▸ Exercise:
Your output must be the lines below from the line containing "Charming backyard showcasing" to the line containing "a swimming pool", both lines included, reproduced exactly and without pictures.

▸ Input for this task:
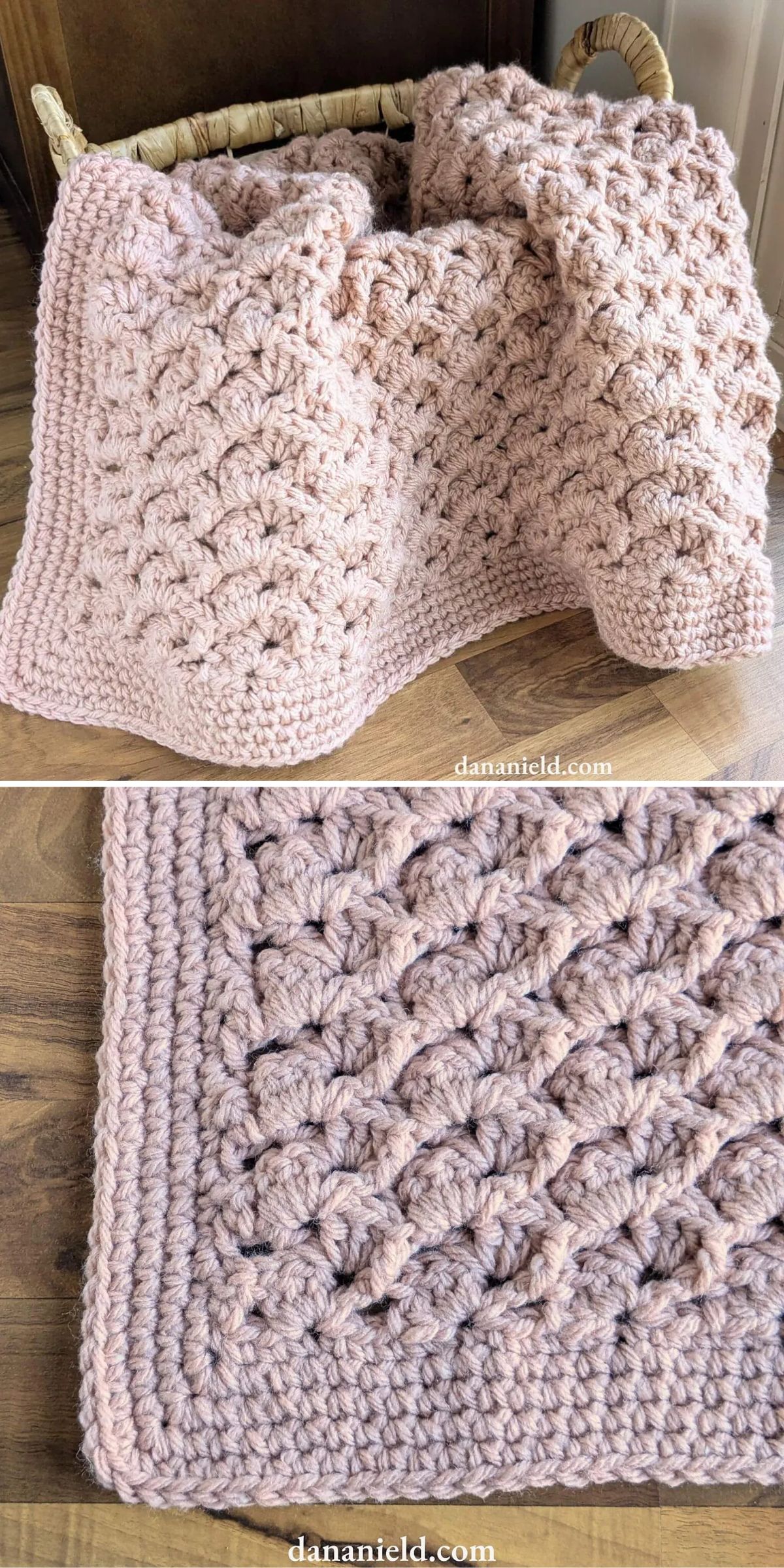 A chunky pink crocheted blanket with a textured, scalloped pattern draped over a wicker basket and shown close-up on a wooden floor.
...
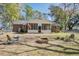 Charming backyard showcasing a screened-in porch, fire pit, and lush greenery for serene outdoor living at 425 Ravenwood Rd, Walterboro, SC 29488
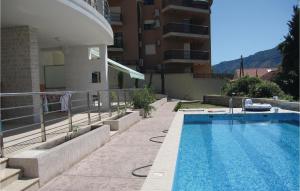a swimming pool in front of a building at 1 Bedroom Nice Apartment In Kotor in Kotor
* * *
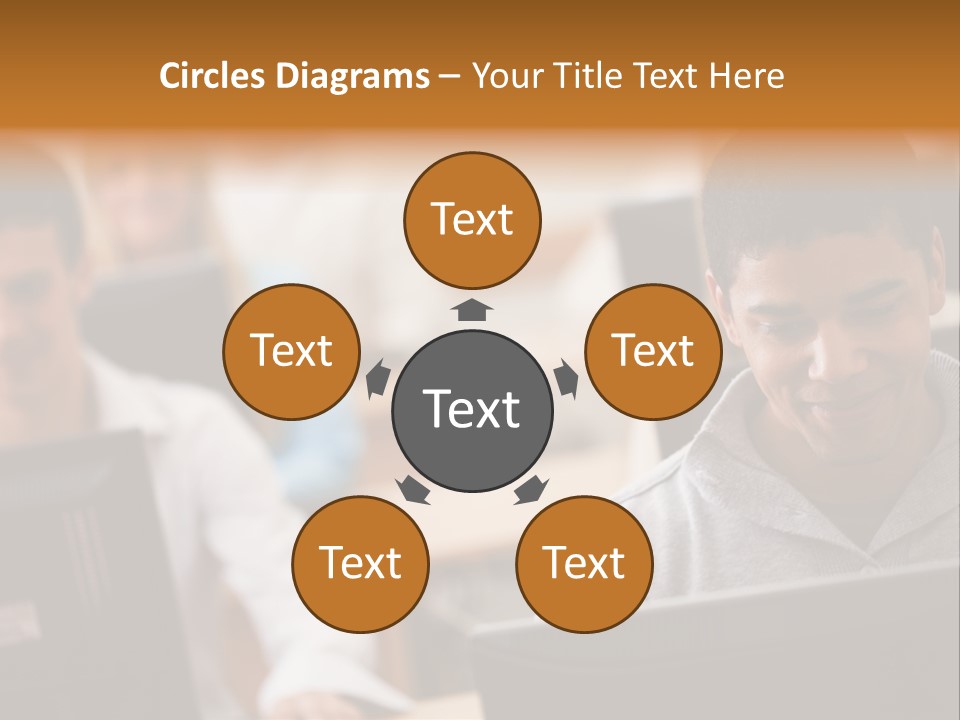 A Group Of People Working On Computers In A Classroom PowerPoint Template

▸ The answer:
 Charming backyard showcasing a screened-in porch, fire pit, and lush greenery for serene outdoor living at 425 Ravenwood Rd, Walterboro, SC 29488
a swimming pool in front of a building at 1 Bedroom Nice Apartment In Kotor in Kotor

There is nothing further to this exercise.